Suppose the tough, new sanctions passed into law by the U.S., the E.U., Canada, and Australia do not cause Iran's Islamist rulers to halt their illicit development of nuclear weapons, curb their sponsorship of terrorism, and reduce their brutalization of their own population. Does that leave us with only terrible options? Does that leave us, as French president Nicolas Sarkozy phrased it, having to choose between an Iran with the bomb and the bombing of Iran?
Not necessarily. A task force convened by the American Foreign Policy Council (AFPC) has produced a report titled "Toward an Economic Warfare Strategy Against Iran." As the title suggests, the idea is to move to what might be called "sanctions plus" — the deployment of additional economic weapons to leverage "the latent vulnerabilities inherent in the Iranian economy to ratchet up the cost of the regime's nuclear endeavor." (Full disclosure: Two researchers from the Foundation for Defense of Democracies, Emanuele Ottolenghi and Mark Dubowitz, were task-force members.)
The report was drafted over a span of months and, during that time, the task force briefed members of Congress. The result: Several recommendations contained in the report were included in the legislation that passed with strong bipartisan support and was signed into law last month, including restrictions on providing technology, goods, and services to Iran's oil and natural-gas industries, and on doing business with Iranian banks and other entities that have been "designated" (read: terrorist-affiliated).
Of course, passing laws is one thing; enforcing them is another. We will soon know whether President Obama intends to shoot the arrows Congress has put in his quiver or whether he will — not for the first time in recent decades — leave Iran's rulers laughing at "the Great Satan."

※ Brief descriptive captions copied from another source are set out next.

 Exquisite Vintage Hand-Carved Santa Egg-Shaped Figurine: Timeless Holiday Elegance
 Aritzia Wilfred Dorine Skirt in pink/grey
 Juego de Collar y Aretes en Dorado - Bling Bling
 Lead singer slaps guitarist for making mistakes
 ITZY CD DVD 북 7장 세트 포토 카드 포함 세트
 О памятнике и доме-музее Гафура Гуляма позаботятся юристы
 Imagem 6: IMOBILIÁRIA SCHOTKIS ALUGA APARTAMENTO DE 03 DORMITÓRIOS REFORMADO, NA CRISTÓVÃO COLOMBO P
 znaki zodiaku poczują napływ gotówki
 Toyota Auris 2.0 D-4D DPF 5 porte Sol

But there is more that can be done, and the AFPC report recommends deploying several remaining economic weapons.
The new sanctions are intended to cut off much of the gasoline that Iran's rulers must currently import because they have spent the nation's wealth on nuclear facilities instead of oil refineries. In response, the regime now plans to reduce its need for gasoline by importing billions of gallons of Brazilian sugarcane ethanol to blend into the fuel mix. The task force suggests diverting that Brazilian ethanol to the U.S. market. What's preventing that: a 54-cent-per-gallon tariff that the U.S. government currently imposes on imported ethanol. It's high time to let that tariff expire. American taxpayers have subsidized American corn-ethanol producers long enough. I would add — this is not in the report — that Congress also should require all new automobiles made in America to be "flexible-fuel vehicles." For about the cost of a seatbelt, your next car could be significantly less dependent on petroleum products. Brazilians have been driving flex-fuel vehicles for years. It's crazy to let Iran also beat us in the race for fuel diversification and security.

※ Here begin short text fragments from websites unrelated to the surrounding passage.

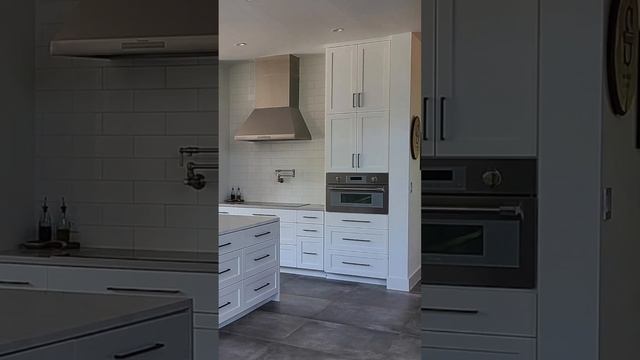 Video LosLomasKitchen смотреть онлайн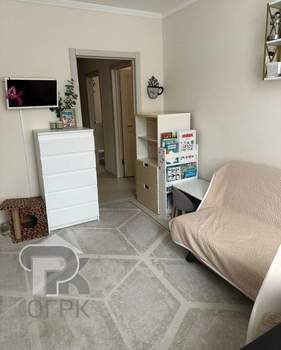 2-к квартира, вторичка, 53м2, 1/4 этаж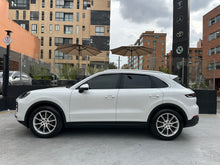 Cargar imagen en el visor de la galería, Porsche Cayenne Premium Package Plus Modelo 2024
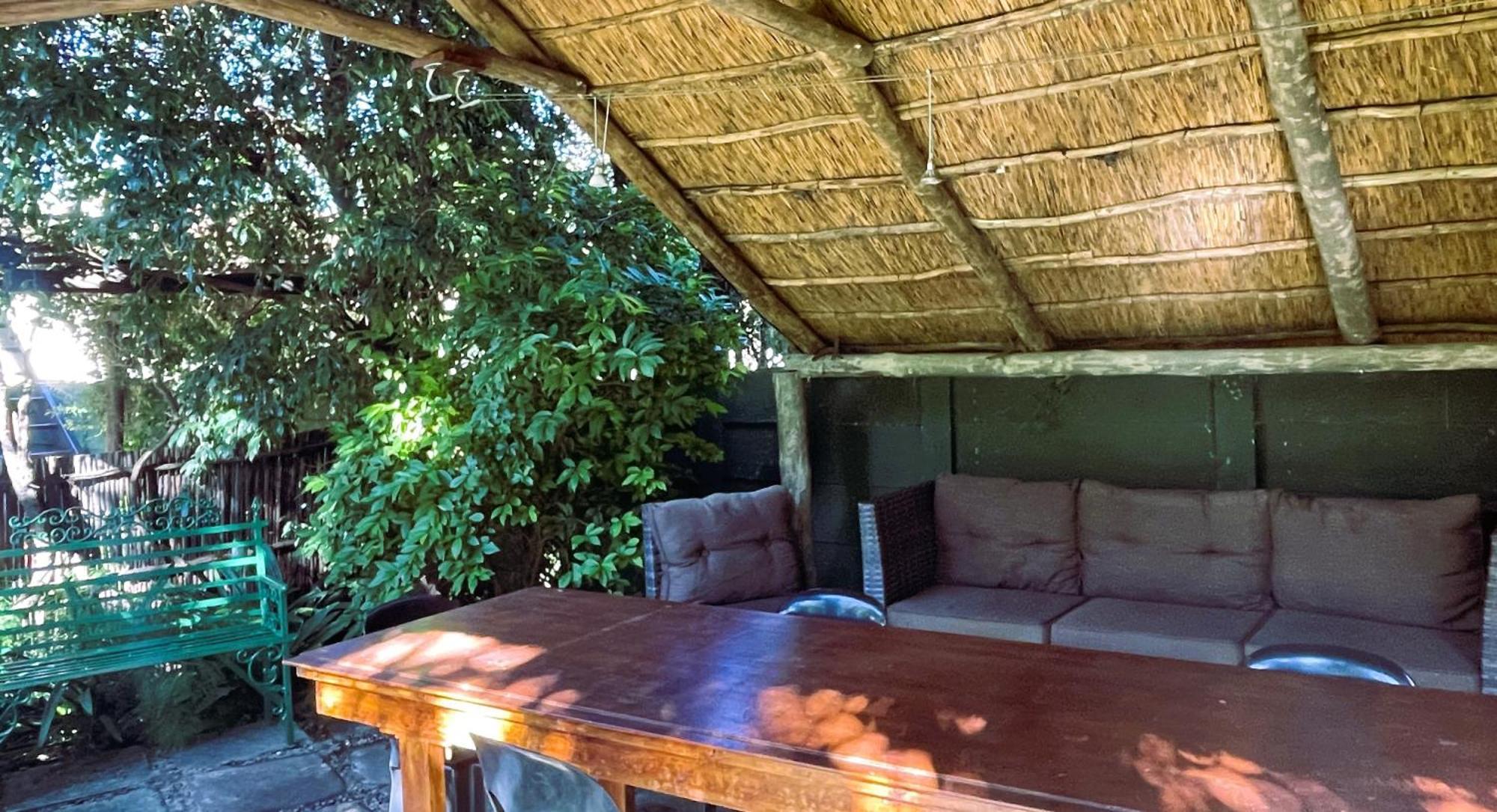 Celtis Lane Guest House Boksburg Ngoại thất bức ảnh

Tehran is planning to build natural-gas pipelines between Iran and its neighbors. The aim is not just to make money but also to "create long-lasting, new economic dependencies that are difficult to break." Here's a case where diplomacy can help: Our envoys need to argue against this scheme and help find other ways for such countries as India and Bangladesh to meet their growing energy needs.
We should deny Iran access to the global financial system. Withholding international services from Iran can deter trade with, and foreign investment in, Iran. This also will complicate the regime's illicit activities. The U.S. already has a number of such sanctions in place. The next step is to internationalize them by getting our allies to sign on.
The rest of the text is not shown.